Palabras. Muchas palabras. No necesito saber por qué se volvió malo, solo que lo fue. Absolutamente no hay ninguna parte de mí que quiere escucharlo hablar sobre su culpa y su terapia y su arte y su curación. Él no debe sentirse mejor, no necesita disculparse a sí mismo, no le daré permiso.

Y deja de hablar. He escuchado cada palabra que ha dicho y es mi turno ahora. Es mi turno para decirle todo lo que necesitaba decirle desde el día que recordé lo que me hizo. Mi turno para hacerlo escuchar. Pero no obtengo la oportunidad porque Rama entra antes que pueda descubrir cuál de las cientos de palabras en mi cabeza voy a decir primero. 

—Ahí estás —dice Rama y me mira—. ¿Ya viste todo?

Se voltea hacia Juan Cruz quién se ve cazado y me mira como si yo fuera un espectador. 

—Hola —dice Rama y se acerca para ofrecerle su mano. Quiero agarrarla y apartarla y gritarle que no lo toque. Sé lo que esas manos han hecho y no las quiero cerca de Rama—. Ramiro Ordoñez. ¿Tu trabajo?

Rama mira alrededor a las paredes que solo empiezo a notar. El arte de este chico es muy diferente al de Rama. No hay ninguna similitud, pero es increíble y quiero golpearme por pensarlo. Y luego lo veo. Y no hay palabras que existan para describir el odio que siento por él. La pintura, a un lado de una de las paredes, al final. Pero no es una pintura, es un recuerdo que nunca sucedió. No sé nada sobre arte así que no puedo decirte si es de acuarelas o acrílico. Solo puedo decirte que es una pintura de mi mano, mi mano hacia arriba y abierta al mundo, que alcanza mi cuerpo y arranca todo lo que ha quedado.
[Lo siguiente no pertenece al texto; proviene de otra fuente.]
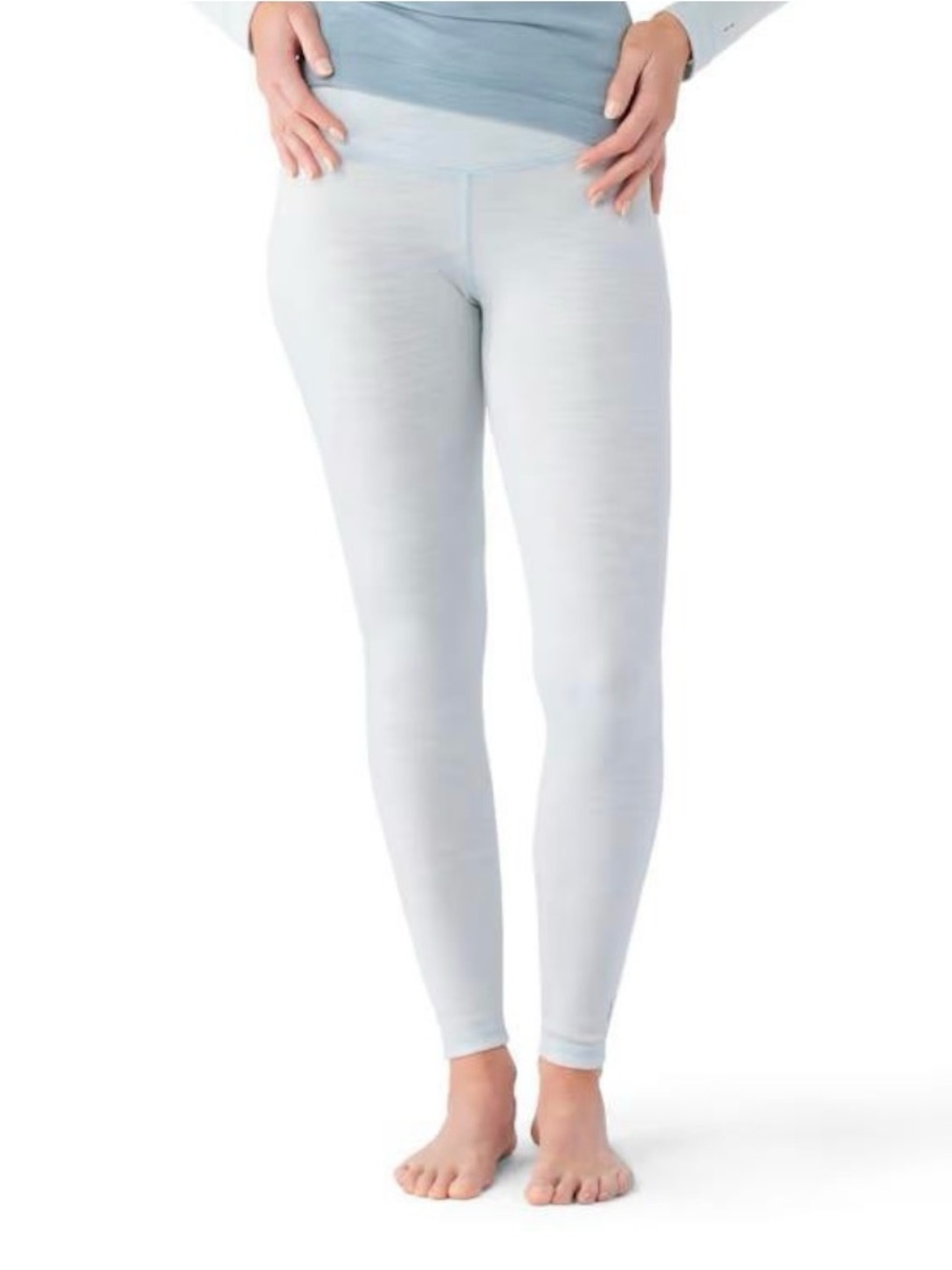 Smartwool Women's Classic Thermal Merino Base Layer Bottom - Winter Sky Heather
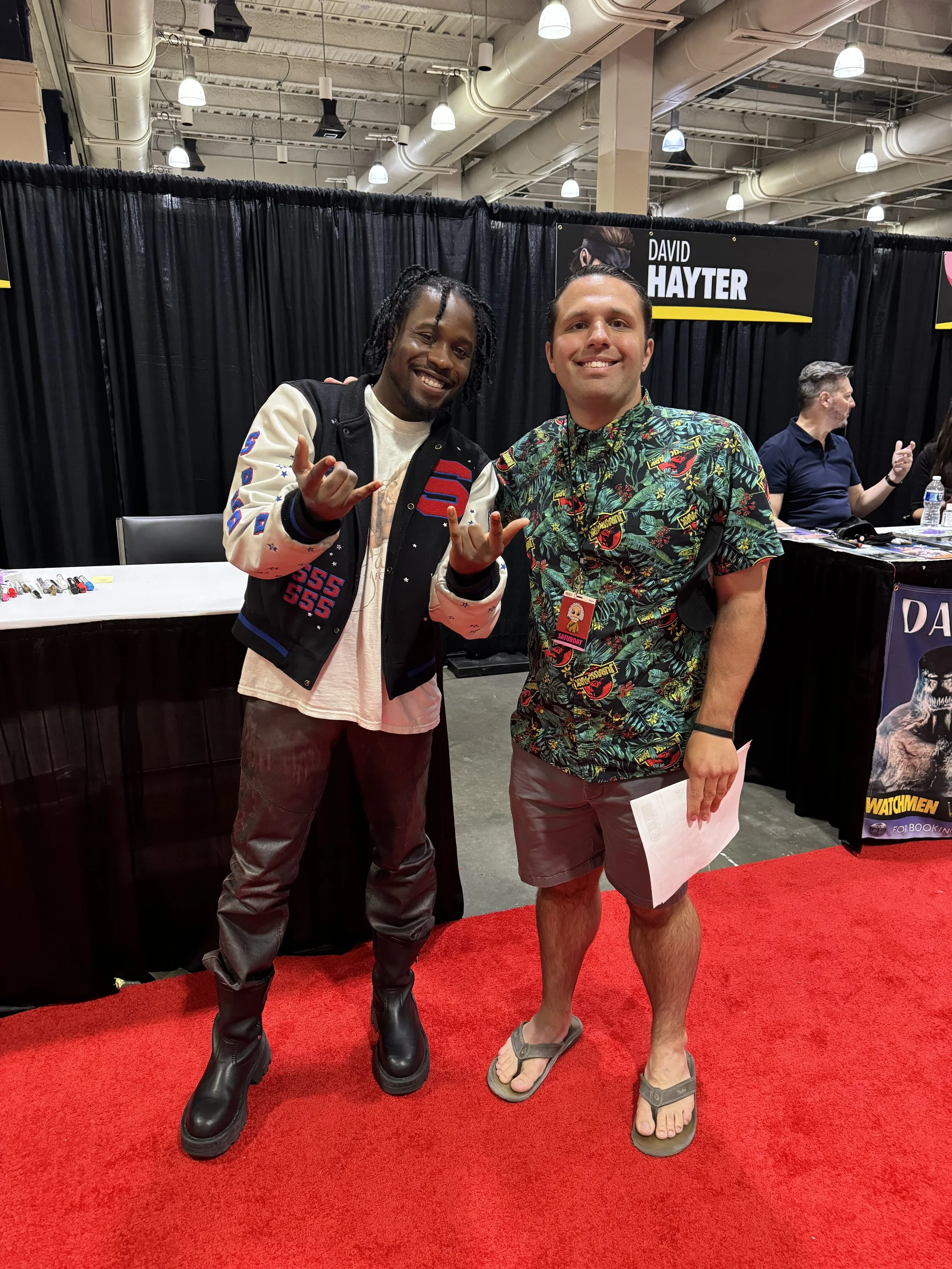 Jack Brait, aka Jack of Puzzles, meets Shameik Moore from Spiderman Spiderverse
Porque en la palma, justo en el centro, es el botón de perla que nunca alcancé. 

***

Juan Cruz se ha ido y sigo esperando. Necesito encontarlo. Él dijo todo y yo nada. No dejaré que absuelva su culpa ante mí. Él tampoco me usará para eso. Él no va a hacerme cuestionar todo en lo que he creído por casi tres años y luego escapar sin siquiera escucharme. 

Quiero mi turno para gritarle. Preguntarle si sabe que es un asesino. Si lo sabe, aunque yo viví, no significa que no me mató. Solo porque me trajeron de vuelta, no significa que no estuve muerta. Solo porque lo resucitaron, no significa que mi corazón no dejó de latir. No cambia nada de lo que hizo. Asesinó a la chica prodigio del piano incluso si no asesinó a Marianella Rinaldi. Y quiero decírselo. Quiero que sepa lo que yo sé. Quiero que le duela. 

Tal vez nadie lo encontró antes, pero ahora sé quién es ahora. Conozco su nombre. Puedo encontrarlo como él me encontró. 

Y cuando lo haga, no será aleatoriamente.